La voce era profonda e l’inglese aveva un accento particolare. Da molto, Amy non lo sentiva parlare in inglese. Le sue visite alla nursery erano brevi e normalmente diceva qualche parola in arabo alle piccole e se ne andava subito. Sentendolo parlare di nuovo, Amy si rese conto con un sussulto nervoso di quanto si fosse persa non udendo la sua voce.
Ricordava i giorni successivi alla nascita e come fosse stato disponibile. Emir era stato un padre premuroso e, soprattutto con una moglie malata, era stato grato per ogni suo suggerimento, tanto che spesso lei aveva dimenticato che fosse il re. Difficile credere ora che fosse stato così disponibile, tuttavia Amy si aggrappò a quella vecchia immagine mentre alzava la testa per guardarlo in viso, decisa a parlare con il padre piuttosto che con il re.
«Clemira e Nakia stanno bene» esordì Amy. «Be’, fisicamente stanno bene...» Notò che lui aggrottava la fronte. «Volevo riferirle dei loro progressi e anche discutere della tradizione per cui...»
«Domani ci recheremo nel deserto» la interruppe Emir. «Resteremo là ventiquattro ore. Ci sarà tutto il tempo per discutere dei loro progressi.»
«Ma desidero parlarne senza che le gemelle sentano. Potrebbero agitarsi, ascoltando ciò che intendo dire.»
«Hanno appena un anno» le fece notare. «Mi sembra ben difficile che capiscano i discorsi degli adulti.»
«Potrebbero...»
Amy ebbe l’impressione di soffocare... sentiva la cicatrice sul collo che bruciava perché sapeva bene cosa significava giacere in silenzio, sapeva cosa significava ascoltare e non essere in grado di intervenire. Sapeva perfettamente come ci si sente quando discutono della tua vita e non sei in grado di partecipare alla conversazione. Non avrebbe permesso che succedesse alle gemelle. Anche se c’era solo una minima possibilità che capissero ciò che veniva detto, non voleva correre quel rischio. Comunque, era lì non solo per discutere dei loro progressi.
«Fatima mi ha informato che trascorreranno la notte con i beduini.» Lui annuì. «Non penso sia una buona idea» proseguì Amy. «In questo periodo, hanno bisogno di affetto. Si agitano persino quando lascio la stanza.»

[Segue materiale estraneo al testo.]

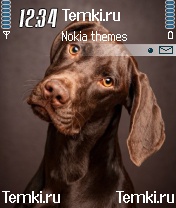 Забавная собачка для Nokia N70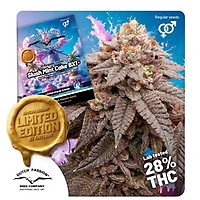 Slush Mint Cake BX1 Regular Seeds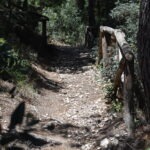 Rocky forest path of Sentiero dell’Amore trail near Vignanotica Beach in Gargano
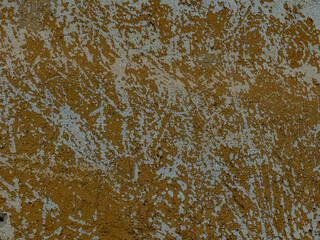 Schäden an der Hauswand durch wild gewachsenes Efeu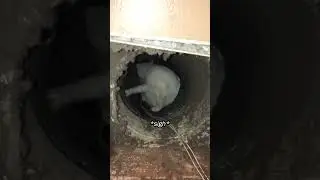 She found something incredible in her vent 😱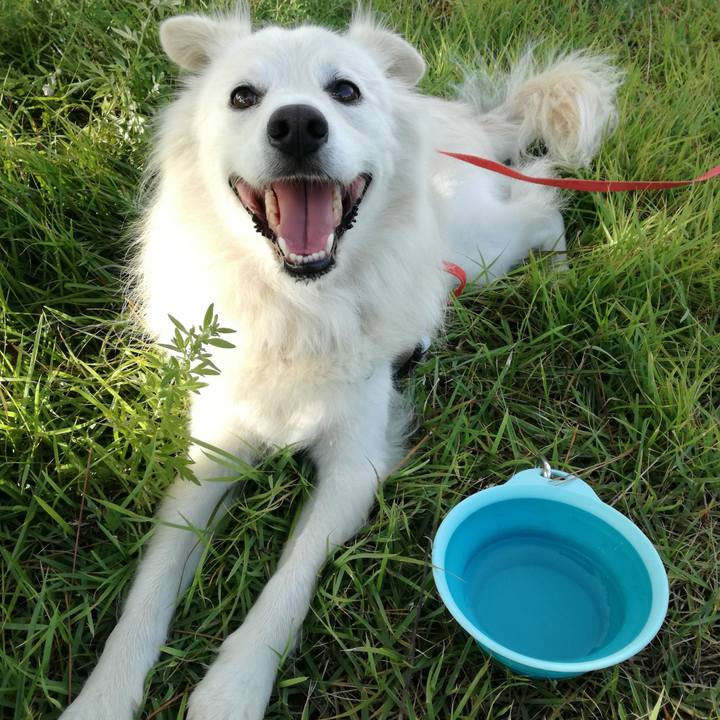 D079a5a9 a07a 4bdb 8ba3 89f21f39c88a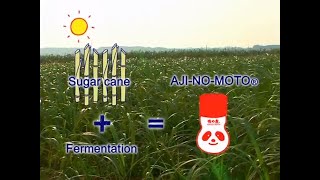 Process of making AJINOMOTO® [upl. by Nona966]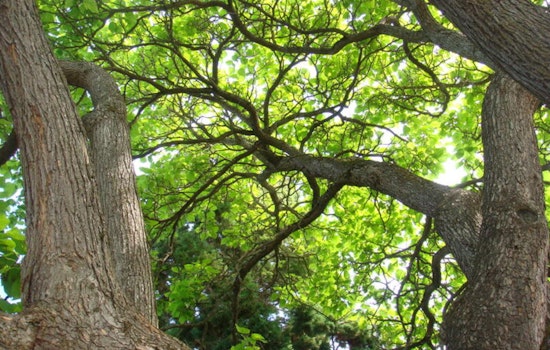 Portland Slashes Tree Permit Fees to Foster Greener Cityscape Through PCEF Funding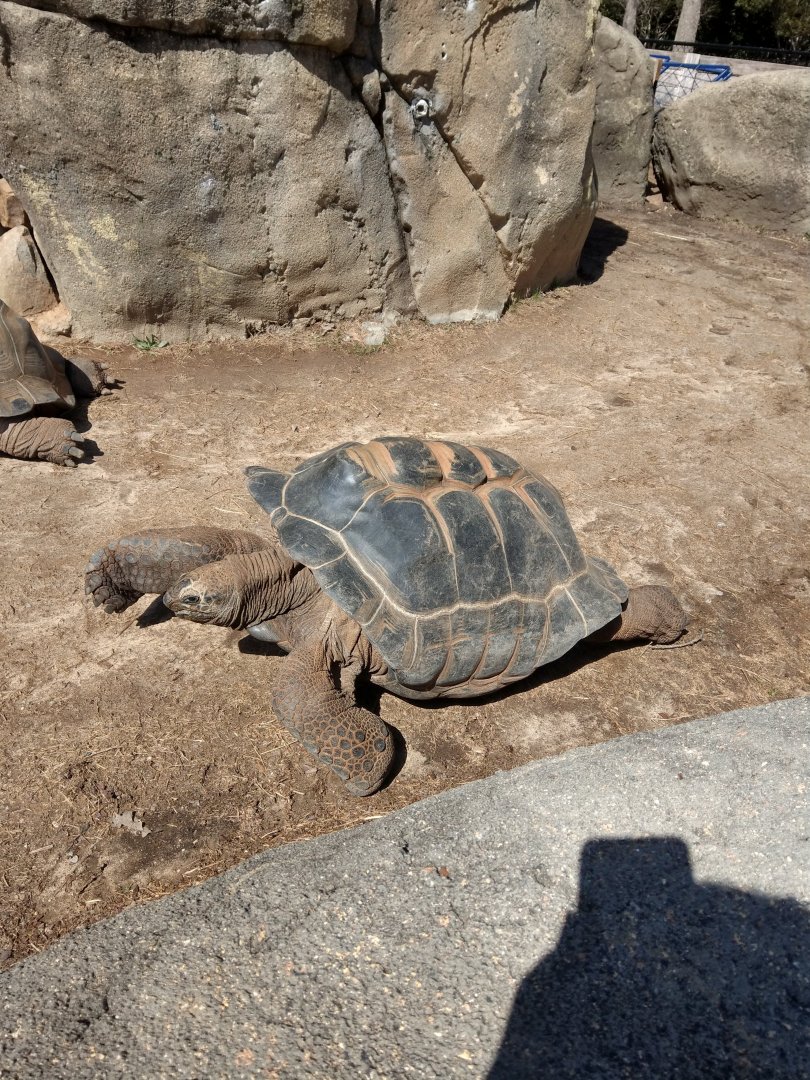 Aldabra Tortoise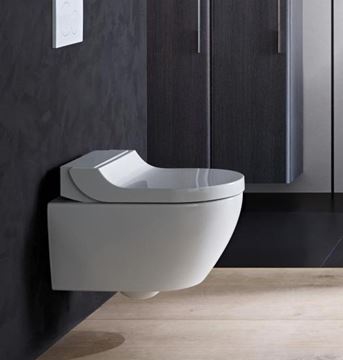 GEBERIT AQUACLEAN TUMA COMFORT závěsné WC s bidetovým sedátkem, SoftOpening, Rimless, KeraTect 146.292.11.1 Obrázek - fotka
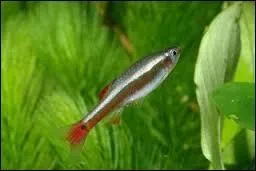 Les tanichthys sont :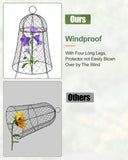 Chicken Wire Cloche for Outdoor Plants, Chicken Wire Plant Protector, Large G...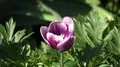 4k Purpur-pink tulip flower very close up in botanic garden 4k or 4k+ Resolution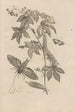 Dissertatio de generatione et metamorphoses des insectes surinamens Pl38 - Maria Sibylla Merian — weergave van het kunstwerk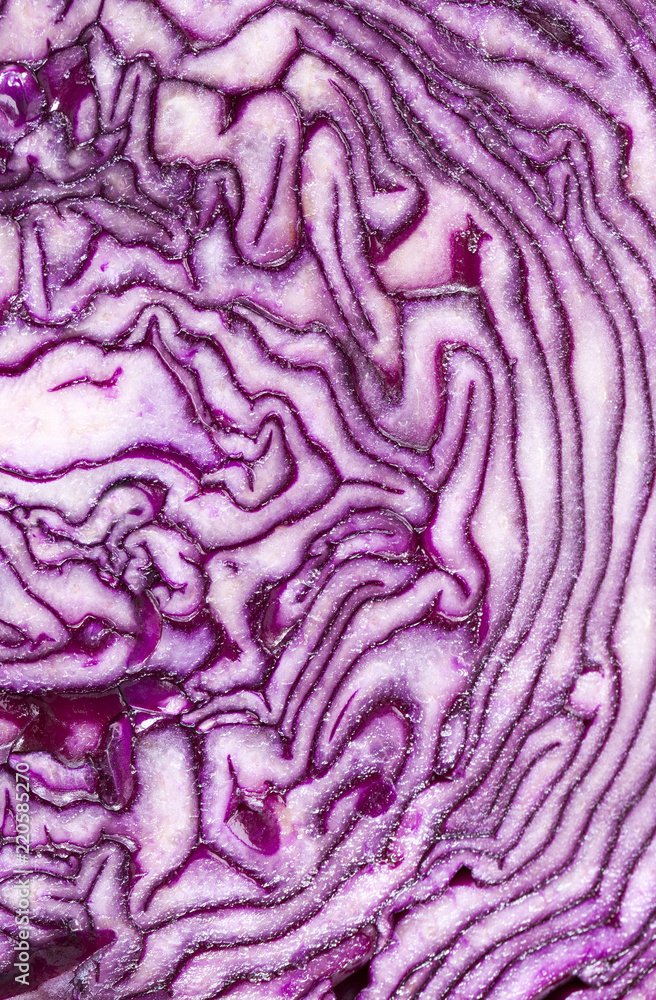 half-cut violet cabbage half-cut violet cabbage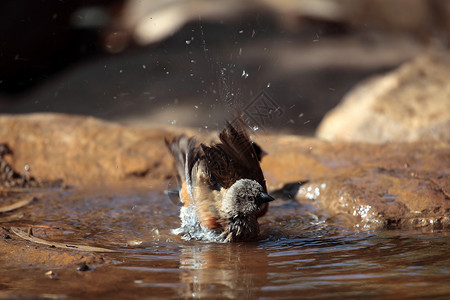 斯温森的麻雀照片沐浴池塘目鸟鸟浴鸟塘水坑情调野生动物动物背景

«Ed è proprio il momento di mettere in atto la separazione.» Emir era impassibile. «Tutti i reali devono trascorrere ogni anno del tempo con la gente del deserto.»
«Ma sono così piccole!»
«È una tradizione, sia per Alzirz sia per Alzan, e non è oggetto di discussione.»
Non condivideva, ma non poteva far altro che accettare quella decisione, si rese conto Amy, perché in quella terra le regole e le tradizioni erano osservate alla lettera.
Poteva soltanto rendere la separazione meno traumatica possibile.
«Ci sono altre questioni di cui vorrei discutere con lei.» Amy si guardò intorno nella stanza. Anche se non sapeva quante guardie e quanti assistenti parlassero inglese, era consapevole che Patel conosceva perfettamente quella lingua. «Non potremmo parlarne in privato?» suggerì.
«In privato?» domandò Emir. Il tono irritato chiariva che non c’era niente di cui lei potesse discutere meritevole di sgombrare la stanza. «Non è necessario. Venga al punto.»
«Ma...»
«Parli!»
Non aveva alzato la voce, tuttavia il tono era impaziente e rabbioso. Amy proprio non lo riconosceva, o almeno non riconosceva in lui l’uomo che aveva conosciuto un anno prima. Oh, era un re inflessibile, e un governante rigido, ma anche una persona sensibile alle necessità della moglie malata, che aveva anteposto al protocollo e al dovere. Quel giorno no. Lei non stava parlando con il padre e il marito che ricordava, bensì con il re di Alzan.
«Le bambine la vedono così raramente» esordì di fronte a un’audience critica. «Sentono la sua mancanza.»
«Glielo hanno detto loro?» La bocca stupenda era incurvata in una smorfia. «Non sapevo che parlassero già così bene.»
Patel si lasciò sfuggire una risatina prima di fare un passo avanti. «Il re non ha bisogno di sentire queste sciocchezze» affermò. Ma Amy, sapendo che era l’unica possibilità che aveva di parlare prima della partenza, non si lasciò intimidire.
«Forse no, ma le bambine hanno bisogno del loro padre. Hanno bisogno...»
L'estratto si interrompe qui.